During the year, the Federal Open Market Committee of the U.S. Federal Reserve has lowered its interest rate target from 6.5 percent to 2.5 percent, its lowest level since the John F. Kennedy administration.
What follows are excerpts from statements that tech companies and investors have heard from the Fed following each of its nine rate cuts in 2001.
“To date there is little evidence to suggest that longer-term advances in technology and associated gains in productivity are abating.” – January 3rd, rate lowered to 6 percent.
“Consumer and business confidence has eroded further, exacerbated by rising energy costs that continue to drain consumer purchasing power and press on business profit margins.” – January 31st, rate lowered to 5.5 percent.
“Although current developments do not appear to have materially diminished the prospects for long-term growth in productivity, excess productive capacity has emerged recently.” – March 20th, rate lowered to 5 percent.
“This potential restraint (in capital spending), together with the possible effects of earlier reductions in equity wealth on consumption and the risk of slower growth abroad, threatens to keep the pace of economic activity unacceptably weak.” – April 18th, rate lowered to 4.5 percent.
“A significant reduction in excess inventories seems well advanced. … Investment in capital equipment, however, has continued to decline.” – May 15th, rate lowered to 4 percent.
“The patterns evident in recent months — declining profitability and business capital spending, weak expansion of consumption, and slowing growth abroad — continue to weigh on the economy.” – June 27th, rate lowered to 3.75 percent.
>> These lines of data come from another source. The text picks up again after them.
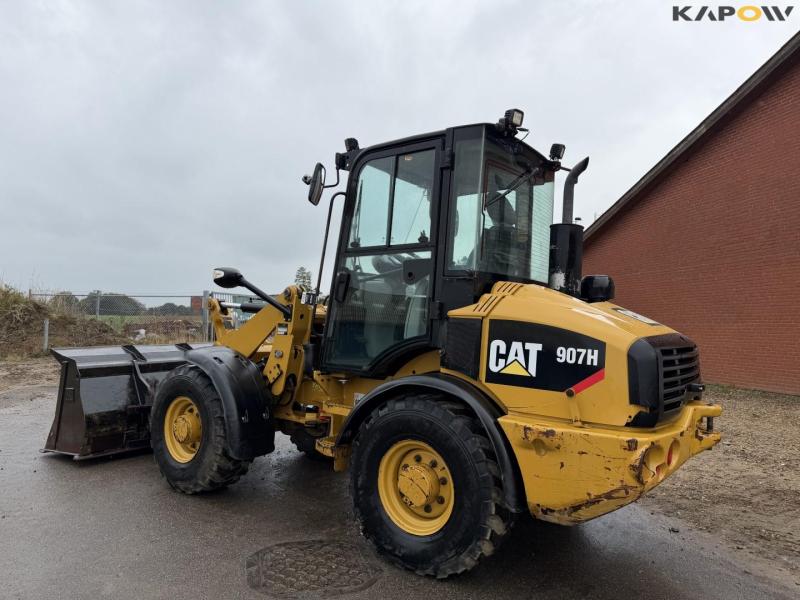 Caterpillar 907H Wheel Loader 7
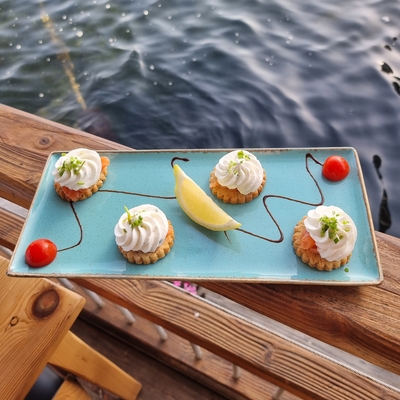 Sablé avec sa mousse de brousse faite maison et gravelax image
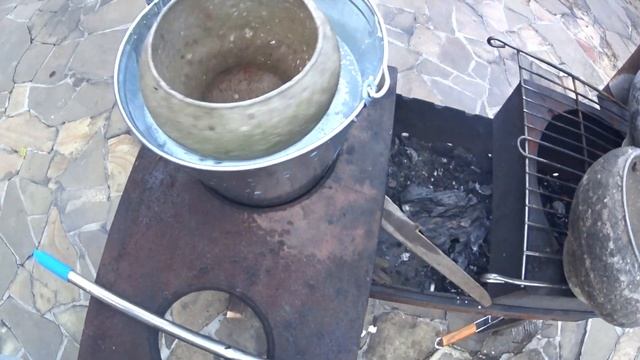 КАК ОЧИСТИТЬ ЧУГУНОК И ЛЮБУЮ ПОСУДУ ОТ НАГАРА | ИХ НЕ МЫЛИ ПОЛВЕКА | ЛАЙФХАК | смотреть онлайн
“Household demand has been sustained, but business profits and capital spending continue to weaken and growth abroad is slowing, weighing on the U.S. economy.” – August 21st, rate lowered to 3.5 percent.
Heading for a Fall
“Even before the tragic events of last week, employment, production, and business spending remained weak, and last week’s events have the potential to damp spending further.” – September 17th, rate lowered to 3 percent.
“The terrorist attacks have significantly heightened uncertainty in an economy that was already weak. Business and household spending as a consequence are being further damped.” – October 2nd, rate lowered to 2.5 percent.